Иоанн Мейендорф - Живое предание
И теперь я уже вплотную подошел к предложению, которое, по моему мнению, могло бы решить проблему авторитета, разделяющую Рим и Православие. Разве невозможно в наше время совместно признать Фотиевский собор 879–880 гг. вселенским?
Акт такого рода, конечно, был бы гораздо значительнее, чем чисто символическое снятие анафематствований 1054 года. Это предполагало бы возврат к положению, существовавшему более двух столетий. Для православных такой акт потребовал бы согласия всех Поместных Православных Церквей; он означал бы, что объединение действительно основано на единстве веры, выраженной в общем Символе. Для приверженного традициям Рима это не было бы просто отказом от своего авторитета, а возвращением к положению, санкционированному предшественником нынешнего папы. Природа раскола такова, что символические акты и церемониальные встречи очевидно недостаточны для преодоления существующего разделения. Необходимо единение в духе и принципиальное соглашение относительно институционных форм единства. Собор 879–880 годов совершил то и другое.

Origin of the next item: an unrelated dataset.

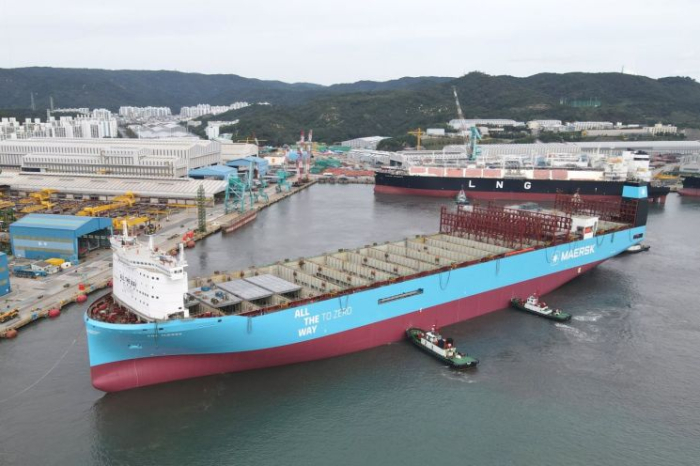 World's　first　methanol-fueled　mega　container　ship　'Ane　Maersk'　constructed　by　HD　Hyundai　Heavy　Industries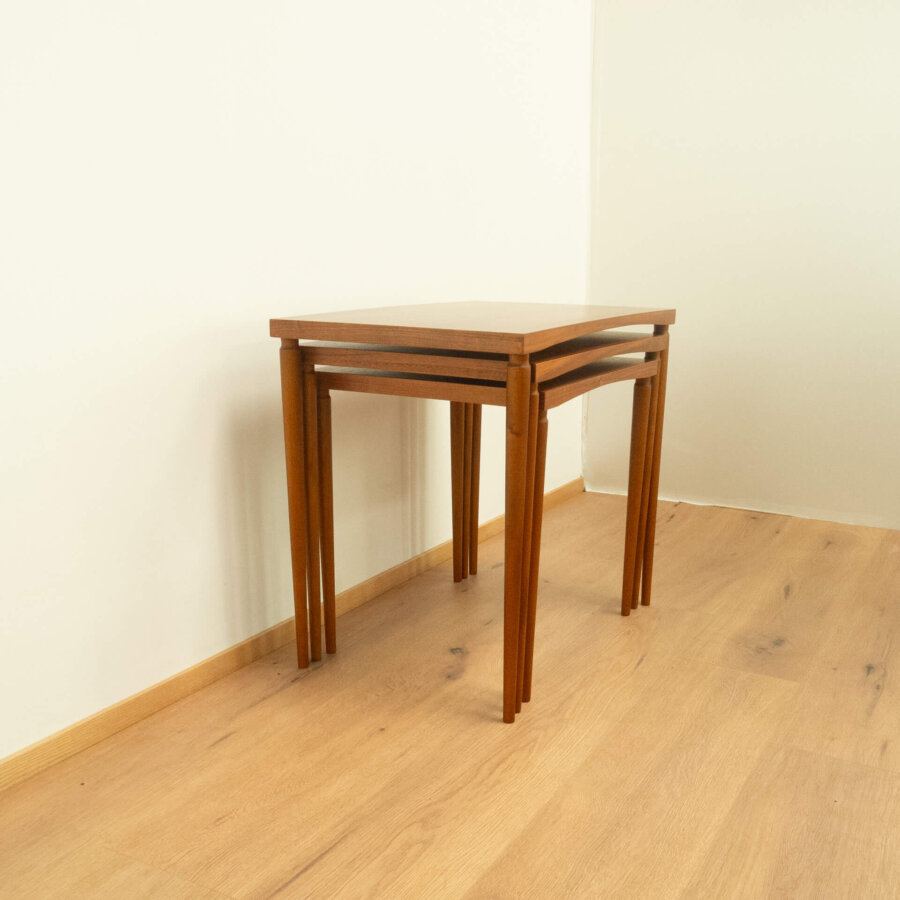 3er Satztische Nussbaum 1960er Jahre Mid-century Modern Design Style Retro Möbel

2. Что произошло в шестидесятые годы?
Различные заявления и встречи между папой и Константинопольским патриархом носили, по нашему определению, символический характер. Любой символ может быть ложно истолкован. Говорилось, например, что сенсационный характер встреч и двусмысленность документов создавали ошибочное впечатление, что объединение Церквей — вопрос близкого будущего и что догматические препятствия сущест вуют только в умах немногих реакционных богословов. Говорилось также, что церковная дипломатия, подготовившая и осуществившая встречи, имела целью создать ложный образ православного «папства», параллельного римскому; и нужно сказать, что плохо информированная западная публика могла действительно иногда подумать, что вселенский патриарх — всего лишь восточный «папа». С православной стороны скептики утешались тем, что патриарх не имел «всеправославного мандата» и говорил и действовал не от имени всей Церкви.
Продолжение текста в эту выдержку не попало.